Passionnant et nécessaire, cet ouvrage décortique dans le moindre détail le sujet de l’accueil des jeunes enfants en situation de pauvreté.

Premier constat majeur : en France, « les effets des politiques d’accueil, mesurés en particulier par la fréquentation des structures d’accueil, sont très peu analysés ».

En conséquence, les études scientifiques analysant le développement des jeunes enfants en situation de pauvreté et l’effet des modes d’accueil sur ce développement sont pour la plupart anglo-saxonnes. 
 

Rareté des études

Dans l’hexagone, il faut se contenter de deux études, l’une issue de la cohorte EDEN l’autre de la cohorte ELFE. Leurs conclusions sont « similaires à celles issues de la littérature internationale, à savoir un effet de l’accueil extrafamilial sur le plan cognitif et peu ou pas d’effet dans le champ socio-émotionnel pour les enfants issus de milieux défavorisés ». 

Quant à la sociologie de la pauvreté, il s’agit « sauf rares exceptions d’une sociologie des adultes et les enfants y sont très rarement présents », relève le document. Et les familles en situation de pauvreté, que souhaitent-elles pour leurs enfants ? Là encore, « peu d’études – voire aucune – n’explorent les attentes, représentations des familles, des pères et des mères en situation de pauvreté sur les dispositifs d’accueil de leur jeune enfant ». 
 

Accueil individuel oublié

Deuxième constat, déjà connu : la crèche constitue aujourd’hui et « de loin » le mode d’accueil le plus accessible financièrement aux familles les plus précaires. D’où l’enjeu actuel de la réduction des inégalités de reste-à-charge entre les modes d’accueil, afin de rendre plus accessible l’accueil individuel. 

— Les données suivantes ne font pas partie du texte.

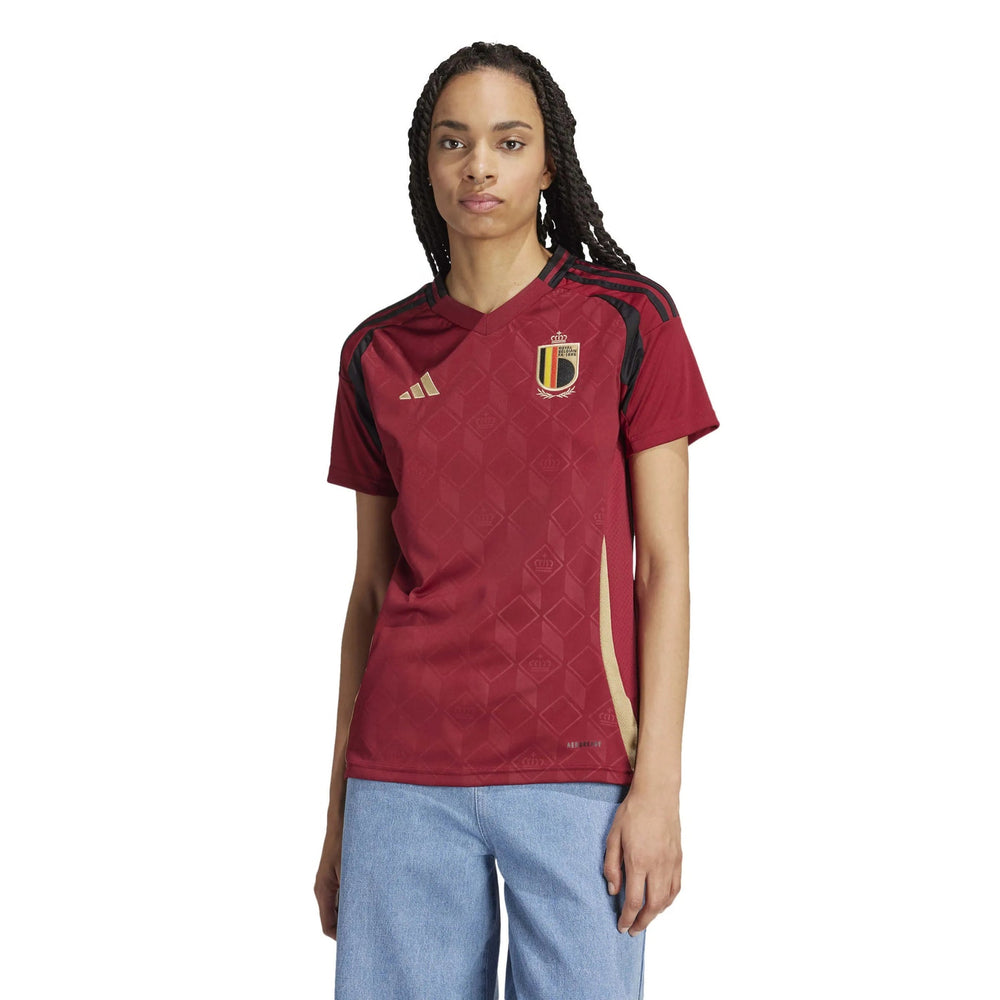 2024-25 Belgium Women's Stadium Home Soccer Jersey | Adidas Discount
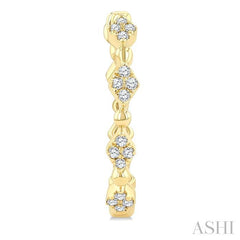ASHI Diamond Fashion Hoop Earrings 638H8PPTSERYG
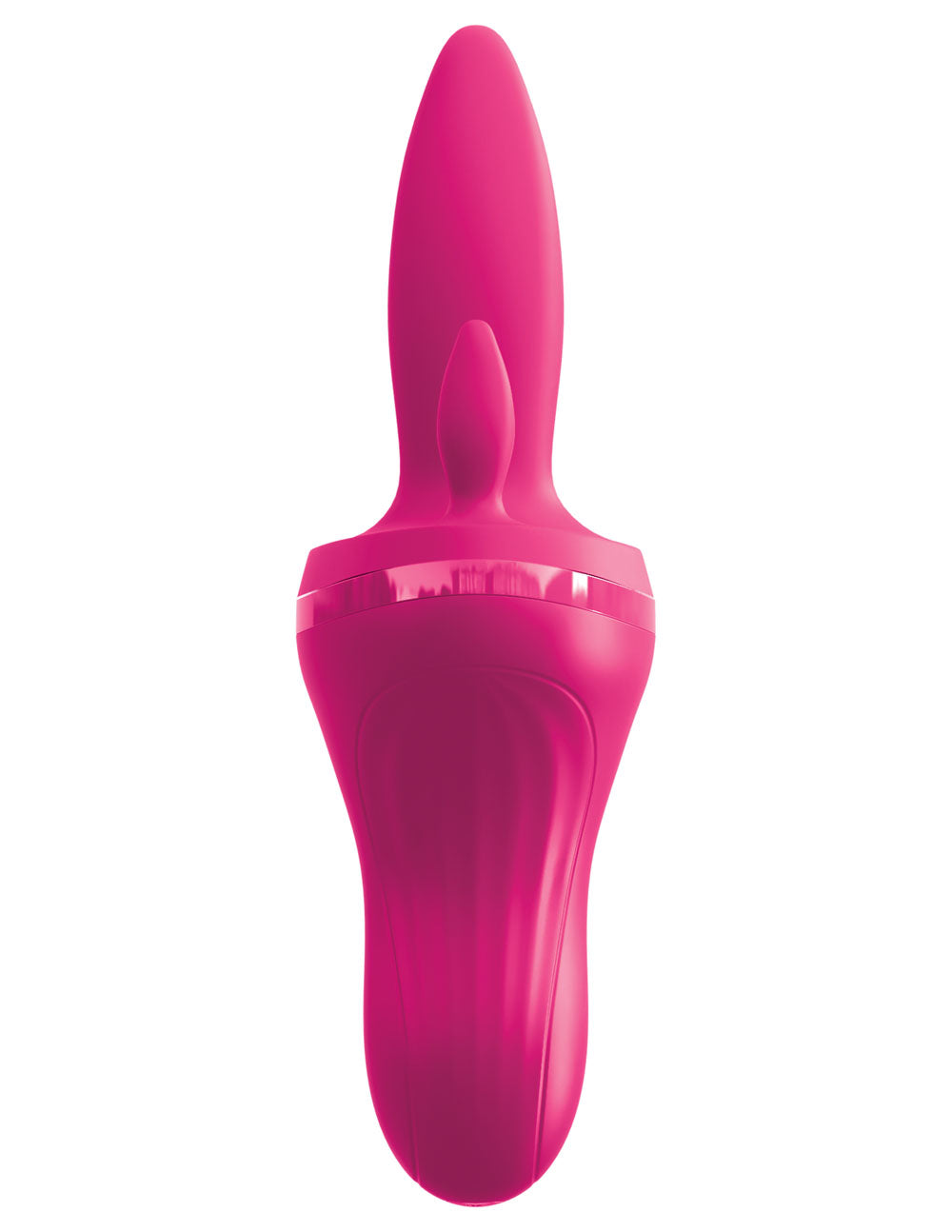 3Some Holey Trinity Triple Tongue Vibrator - Rechargeable Silicone, Multi-Speed, Remote Control - SP BOUTIQUE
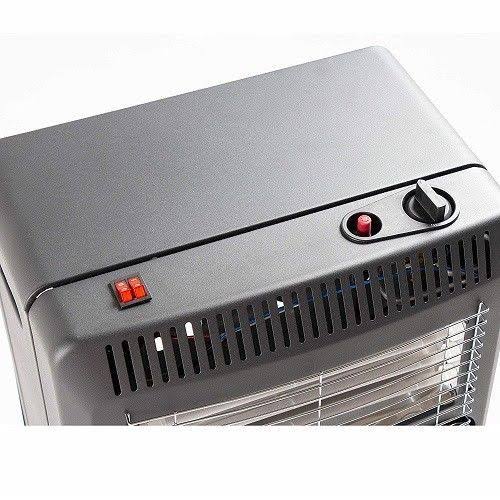 Black Foldable Propane and Electric Cabinet Heater R405077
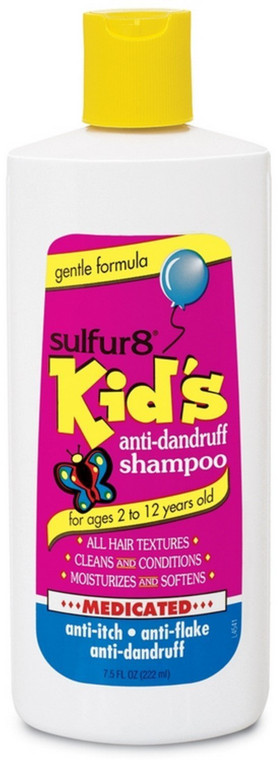 Sulfur8 Kids Medicated Anti Dandruff Shampoo, 7.5 oz (Pack of 2)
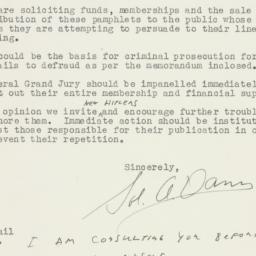 Letter: 1948 February 18
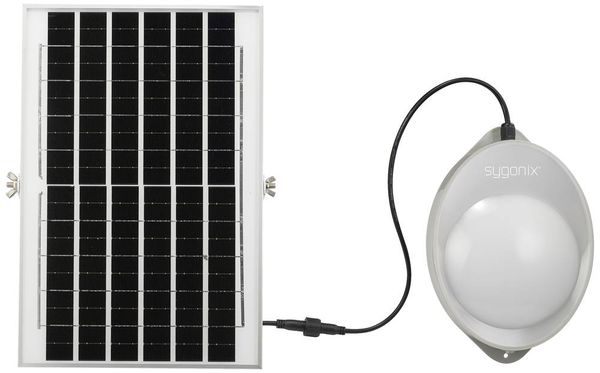Produktbild: Sygonix SY-5596934 Solar-Außenwandleuchte mit Bewegungsmelder LED 10W Grau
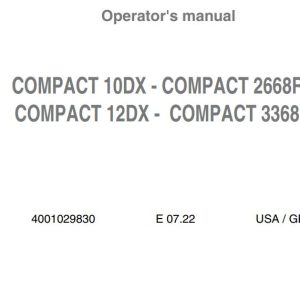 Haulotte Scissor Lift COMPACT 10DX 2668RT 12DX 3368RT Operators Manual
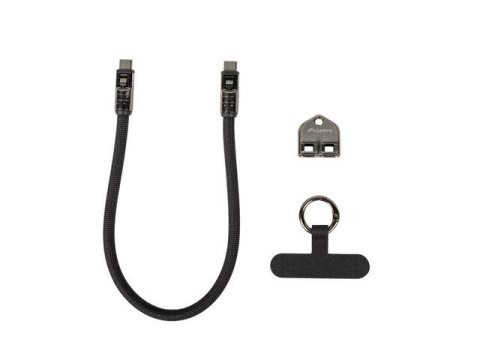 Kabel USB-C M/M SMYCZ/BRELOK 0.3M 240W czarny Lanberg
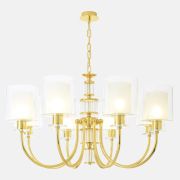 Crystal Lux Люстра Crystal Lux ELENA SP8 GOLD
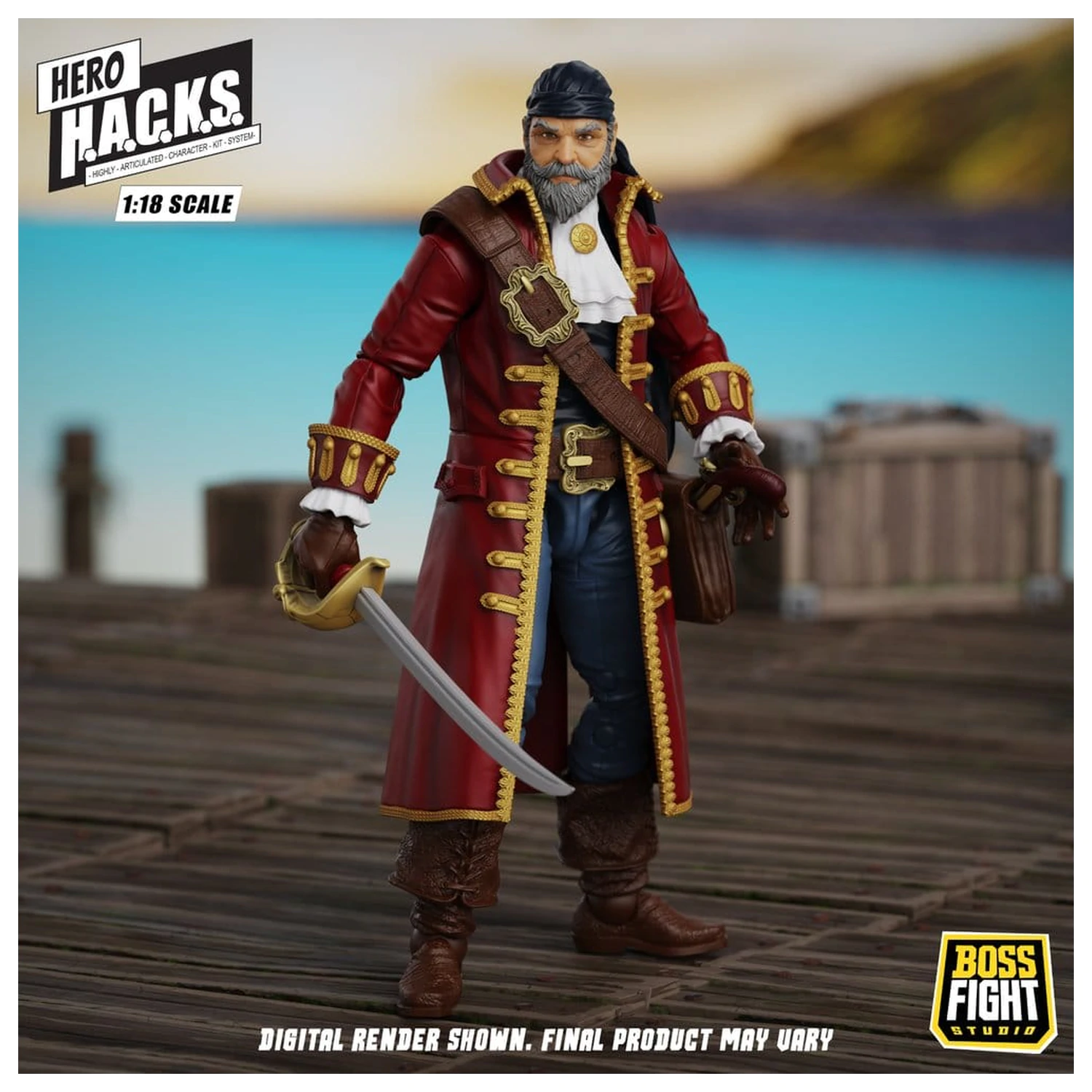Hero H.A.C.K.S. Core Akcijska figura 1/18 Heroes and Villains Wave 1 John Bradford: Captain of the Temporal Voyager fotografija proizvoda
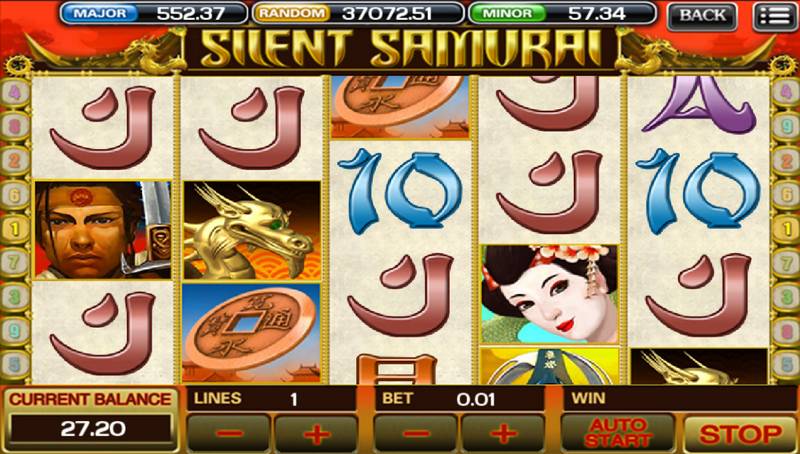 Silent Samurai slot machine 10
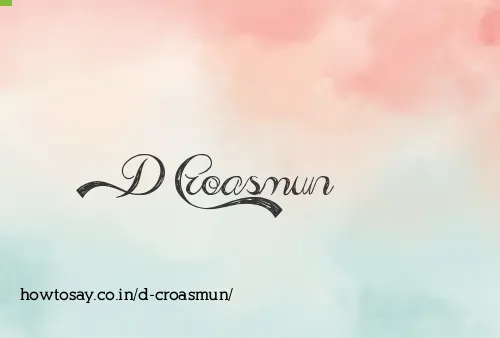 D Croasmun
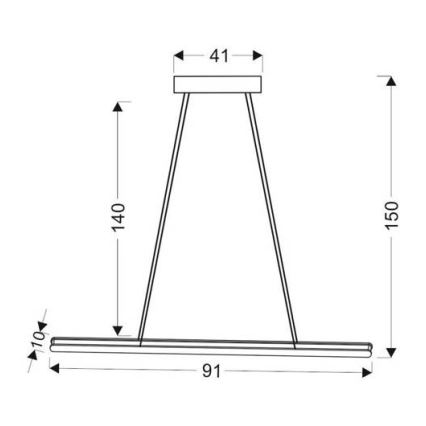 LED-Kronleuchter an Schnur COCONUT LED/28W/230V
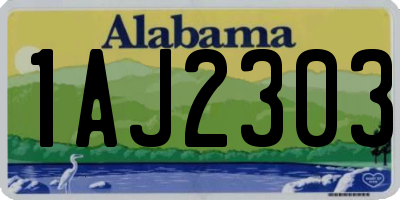 AL license plate 1AJ2303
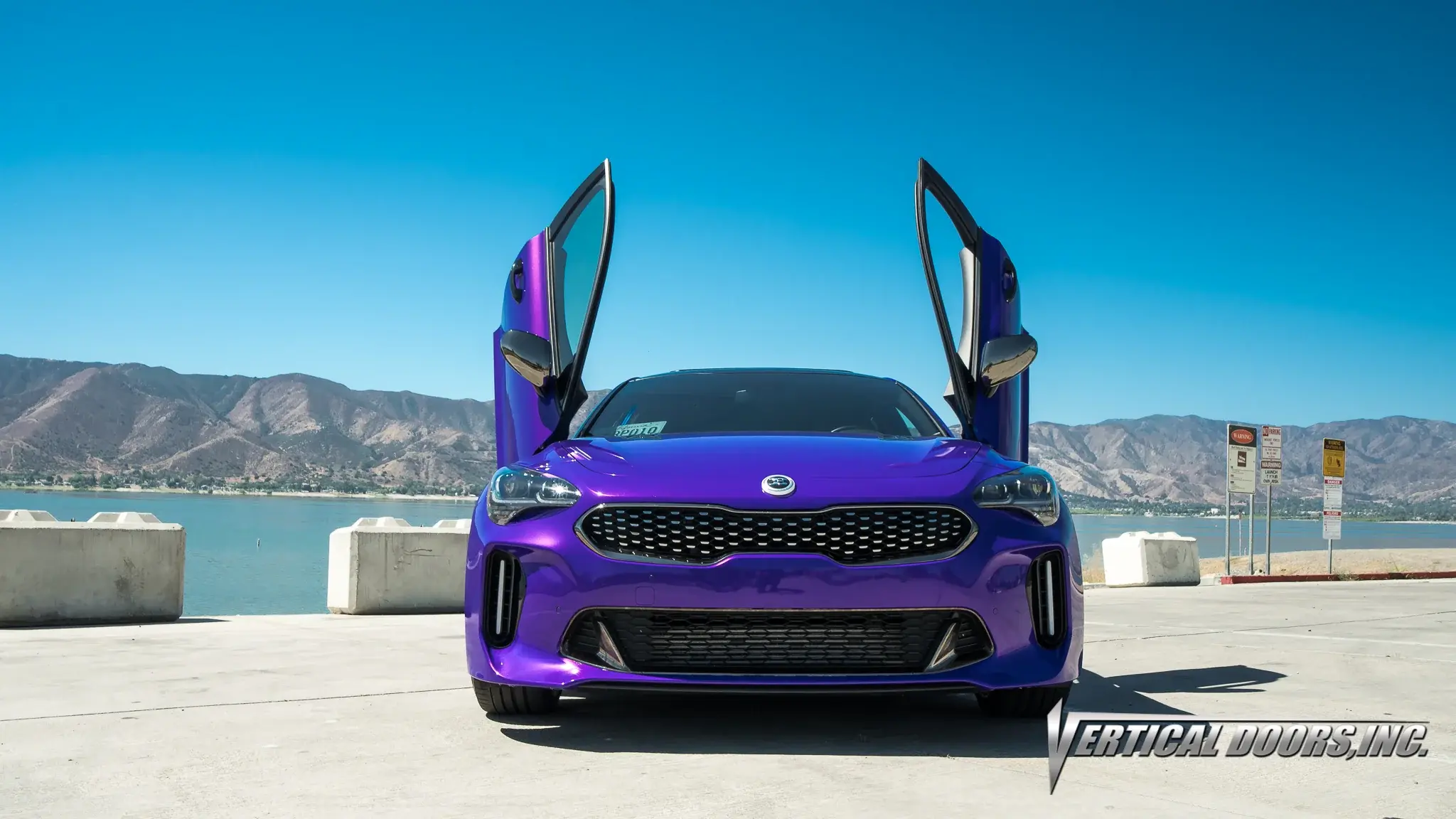 2018-2020 Kia Stinger 4DR Bolt-on Vertical Lambo Door Conversion Kit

Le gouvernement a annoncé en juin son intention de réformer le Complément mode de garde dans le prochain projet de loi de financement de la Sécurité sociale (PLFSS). Contacté ce matin, le cabinet du Secrétaire d’État Adrien Taquet ne souhaite pas en dire plus avant la présentation du projet de loi en Conseil des ministres, prévue le 6 octobre prochain, pendant le déroulement de la « Conférence des familles »… dont le programme n’a toujours pas été dévoilé.
 

Effets pervers

Comment conduire une politique publique lorsqu’il est impossible de s’appuyer sur la science ? 

Comment des professionnels du jeune enfant eux-mêmes précarisés peuvent-ils « rester disponibles aux situations des enfants pauvres » ? Le document soulève des questions essentielles qui lèvent le voile sur la réalité du secteur de l’accueil du jeune enfant. 

Et pointe au passage « l’attrait pour des offres formatives-commerciales complémentaires aux cursus de formation » et « l’implantation de méthodes supposées répondre facilement et efficacement à des problèmes de prise en charge des tout-petits », comme « Parler bambin » pour l’acquisition du langage.

« On pourrait aussi s’interroger sur la place donnée à l’accueil individuel, l’accueil chez les assistant.e.s maternel. le.s étant l’un des modes d’accueil externe à la famille nucléaire le plus recouru » indique également l’ouvrage. 
 

Développer les connaissances

Les auteurs invitent donc à lancer des recherches sur le sujet afin de mieux orienter les politiques publiques. Parmi elles, « des études analysant les pratiques d’accueil des enfants dans les EAJE et chez des assistant.e.s maternel.le.s », qui sont aujourd’hui « inexistantes ». Sur ce sujet majeur - 2,8 millions d’enfants vivraient dans des familles dont le revenu est inférieur au seuil de pauvreté (Insee 2016), les auteurs appellent in fine à lever les nombreuses « zones d’ombre ».